Let’s say only one other person in your network hears that you took the pledge and is inspired to do the same. That would be doubling your impact. If two people in your network were inspired to pledge based on your decision, that would be tripling your impact
Thanks Elizabeth, Owen, Brad and Kirsten for the constructive feedback! I agree that the post in its current form doesn’t live up to the epistemic standards we aspire to at GWWC, for many of the reasons you mention. My apologies for this.
The research team usually reviews any public impact claims we make, but this post slipped through the cracks of our review process in part because the main topic (i.e. “misconceptions about the pledge”) didn’t immediately seem research-related. We’ll tighten up the process to prevent this from happening in the future. I’ve now also reviewed and we’ll edit the post on the points you mentioned + a few others.

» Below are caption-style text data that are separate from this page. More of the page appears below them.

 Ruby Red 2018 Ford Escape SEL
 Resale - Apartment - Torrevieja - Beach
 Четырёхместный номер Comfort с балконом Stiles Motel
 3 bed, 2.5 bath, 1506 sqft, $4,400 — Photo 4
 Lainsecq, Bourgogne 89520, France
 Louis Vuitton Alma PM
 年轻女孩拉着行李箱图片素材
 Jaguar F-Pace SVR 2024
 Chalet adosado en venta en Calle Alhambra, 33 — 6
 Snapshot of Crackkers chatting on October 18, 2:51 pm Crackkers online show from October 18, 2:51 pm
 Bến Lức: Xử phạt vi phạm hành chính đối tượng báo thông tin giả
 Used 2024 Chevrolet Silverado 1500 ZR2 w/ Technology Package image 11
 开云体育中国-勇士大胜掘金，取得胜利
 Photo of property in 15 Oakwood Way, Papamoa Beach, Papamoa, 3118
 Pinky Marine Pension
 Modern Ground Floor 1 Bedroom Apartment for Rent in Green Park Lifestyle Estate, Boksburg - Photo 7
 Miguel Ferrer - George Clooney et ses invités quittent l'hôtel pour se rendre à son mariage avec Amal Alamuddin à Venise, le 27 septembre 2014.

We’ll post here once that’s done.
I didn’t find this paragraph to be off or particularly misleading fwiw.
It is roughly true (minus what they would have donated otherwise) when thinking in terms of counterfactual impact, and assuming you are an average pledger and would be inspiring other average pledgers (no expected difference in income or attrition, or effectiveness of charities donated to).
I think the caveats are sufficiently obvious that the reader could be expected to understand them on their own. For instance if you convince someone to donate $1000 it seems obvious that they should get most of the credit, but it still might be true that you were counterfactual in their decision.
Agree. Rejecting the argument because it double counts feels a bit like the “shouldn’t you be attributing some/most of the impact to the people that did the direct work” objection to estimates of how many lives your money can save.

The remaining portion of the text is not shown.